Sydney, Australia Sydney, Australia / Photo:

Norton Rose Fulbright is reducing the hours and pay of most of its Australian staff by as much as 20% to match the lower volume of work required and cutting partner drawdowns.

The news comes as PwC Australia also reduces its partner drawdowns, with the Big Four firm yesterday saying most employees will work a four-day week, including those at PwC Law.

DLA Piper, meanwhile, joined the ranks of firms including Clayton Utz and Baker McKenzie in Australia in not cutting hours or salaries.

Norton Rose said is it is not immune from the business impacts of the COVID-19 pandemic and expects work in some practice area to reduce in the coming months.

The London-headquartered firm is adopting a system of ‘flex’ work in Australia, which will reduce individual staff hours by up to 20% depending on the work required, with a corresponding drop in remuneration.

The firm last week took similar steps at its offices in Europe, Asia and the Middle East.

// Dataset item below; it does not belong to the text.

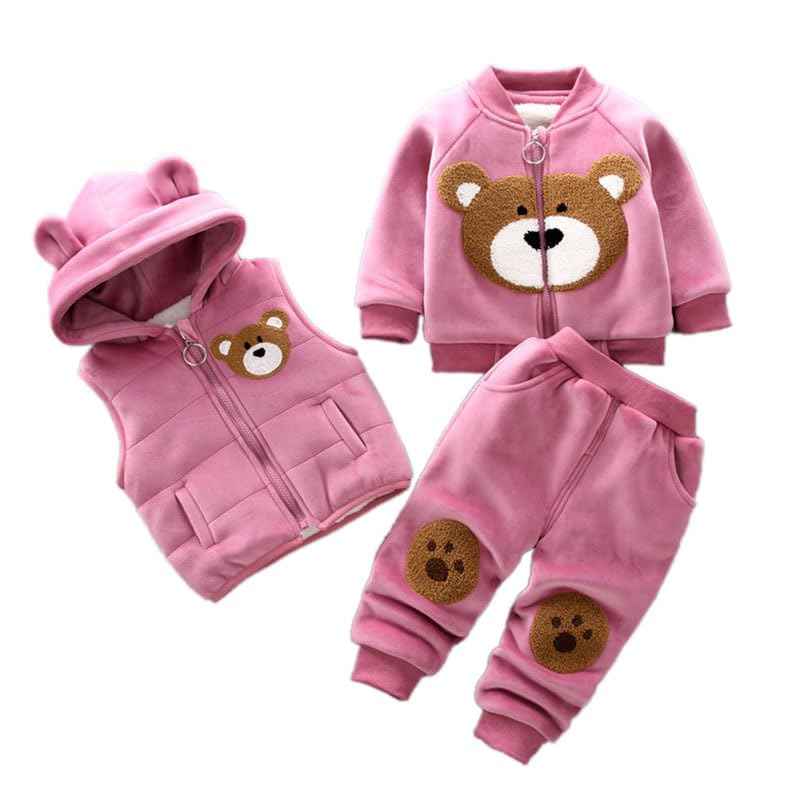 Children Warm Clothes Children Jumpsuit Vest Sleeveless Hooded Child Winter Three Pieces Clothes Child Long Sleeve Sweatshirt Pants Set Children Cartoon Bear Clothes 0-4 Years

“The ability for our staff to flex will ensure that we are able to retain as many roles as possible during this crisis. The underlying philosophy behind our proposal is a simple one – we are asking our people to face this situation together and, by acting as one, to come through this stronger,” managing partner in Australia Wayne Spanner and managing partner-elect Alison Deitz said in a combined statement.

“Our partners are very proud of the way our people have responded to remote working so far, with nearly 1000 staff transitioning quickly and seamlessly to working from home without any disruption to client service.”

The firm is also standing down the 2 to 3% of its workforce who are unable to perform their duties under work-from-home arrangements.

Additionally, recruitment and salary reviews have been paused and partner draws will be temporarily reduced. The firm declined to say by how much.

“We believe the comprehensive steps we are taking are an appropriate and prudent response, but of course none of us can predict exactly how long and how severe the COVID-19 crisis will be,” the firm leaders said. “Coupled with our strong foundation and continued dedication to assist clients in areas of great demand, we are confident our business will emerge from this crisis in a strong position and ready to embrace an improving economy.”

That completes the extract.